[SOURCE MATERIAL]

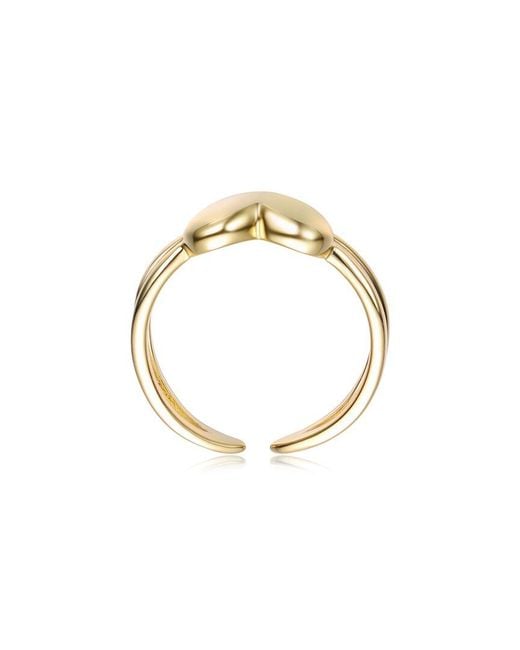 Rachel Glauber Metallic 14K Plated Heart Ring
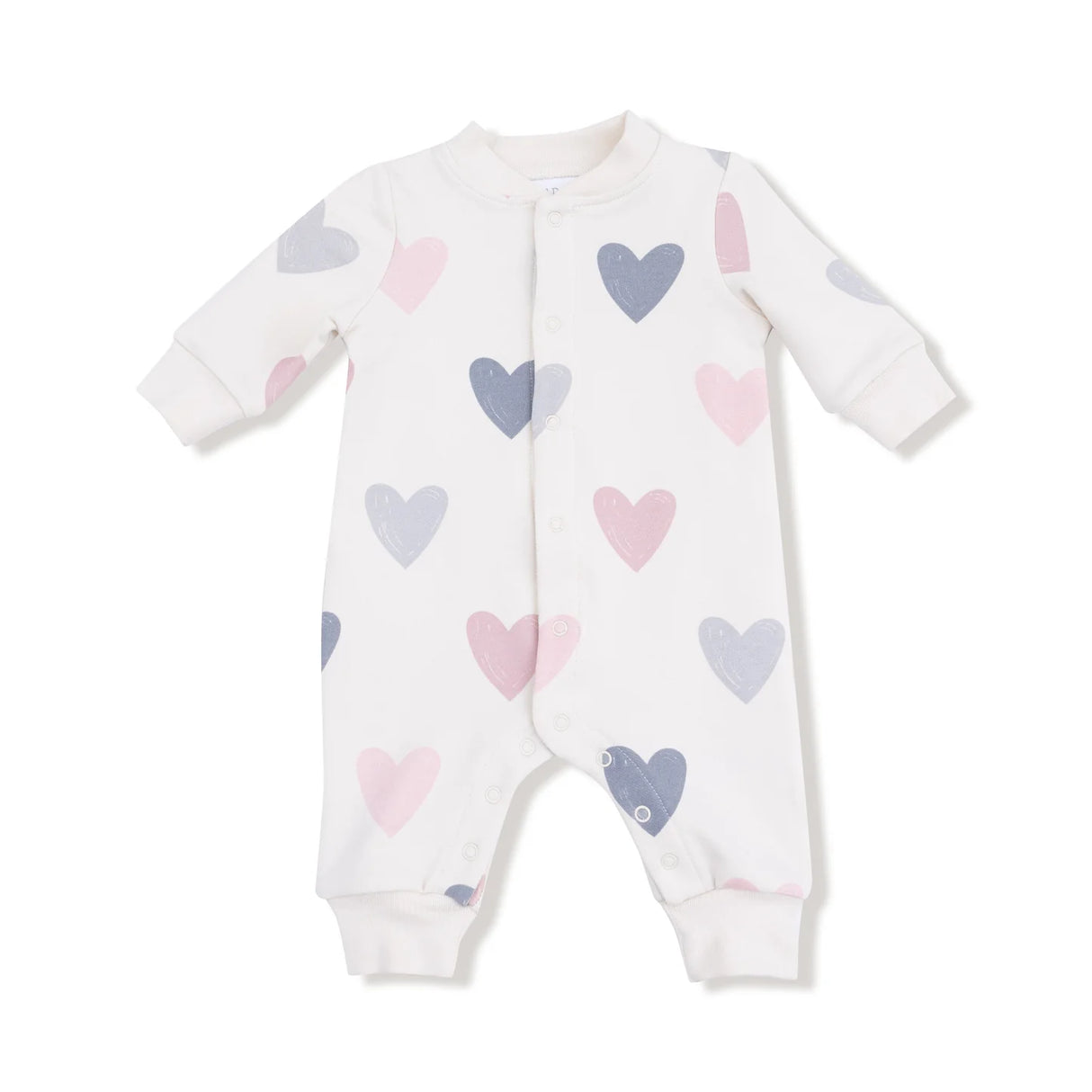 Angel Dear Hearts French Terry Baseball Collar Romper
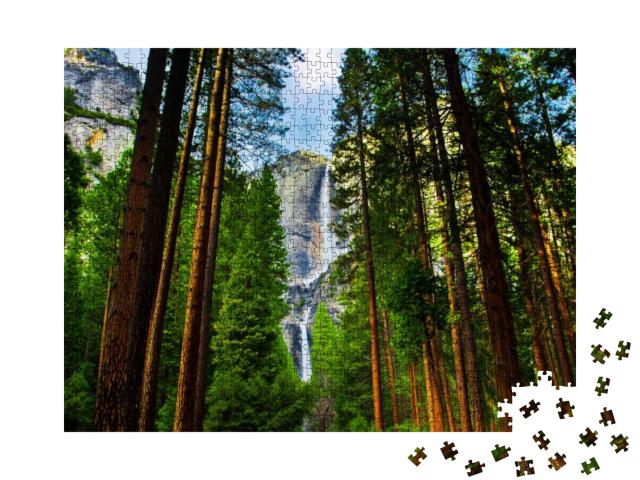 Yosemite Waterfalls Behind Sequoias in Yosemite National... Jigsaw Puzzle with 1000 pieces
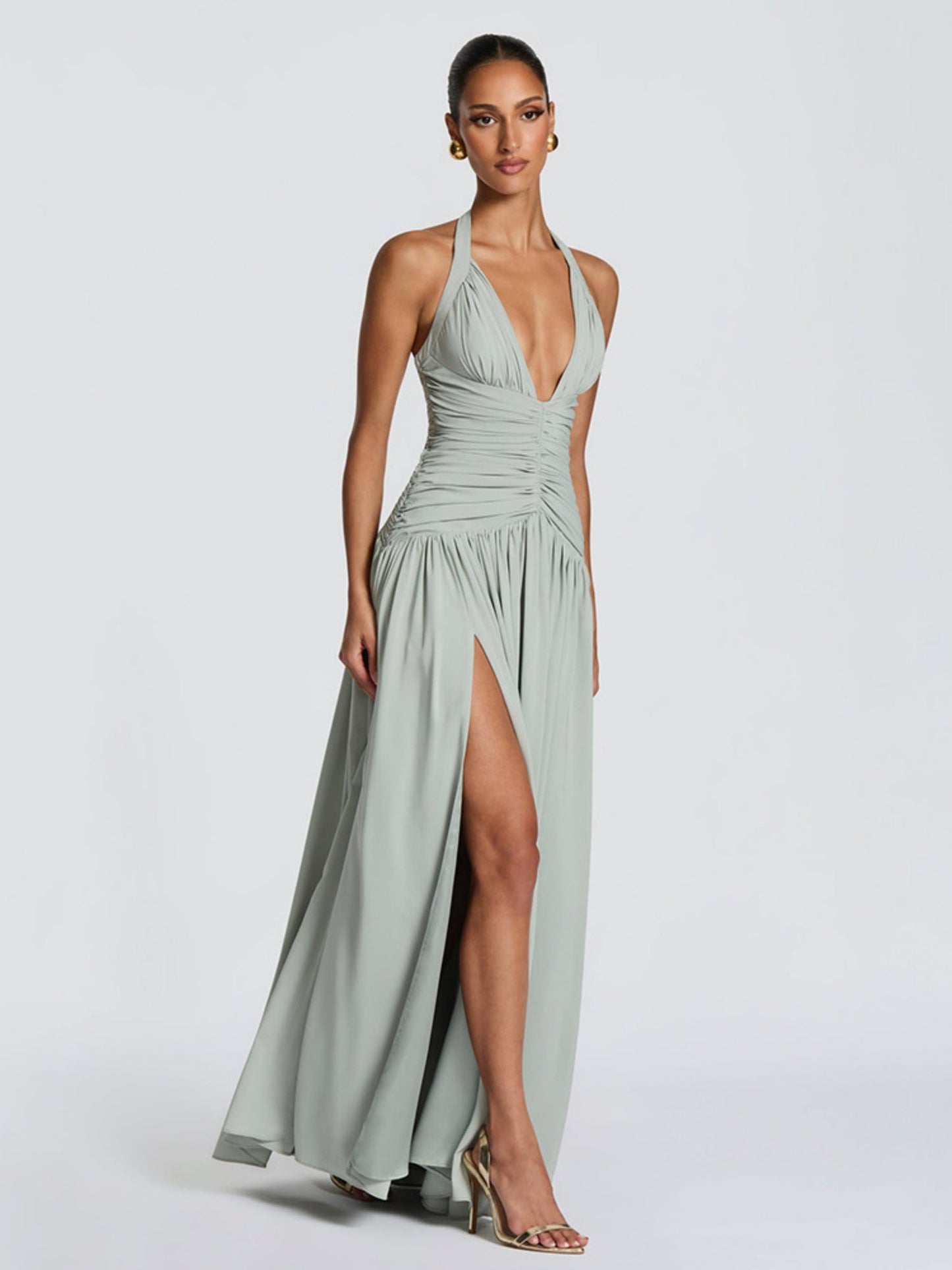 Pleated High Fork Halter Neck And Backless Maxi Dresses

[/SOURCE MATERIAL]

=== DESCRIPTION OF THE TASK ===
Render the data above verbatim and without pictures.

=== RESPONSE TO THIS EXERCISE ===
 Rachel Glauber Metallic 14K Plated Heart Ring
 Angel Dear Hearts French Terry Baseball Collar Romper
 Yosemite Waterfalls Behind Sequoias in Yosemite National... Jigsaw Puzzle with 1000 pieces
 Pleated High Fork Halter Neck And Backless Maxi Dresses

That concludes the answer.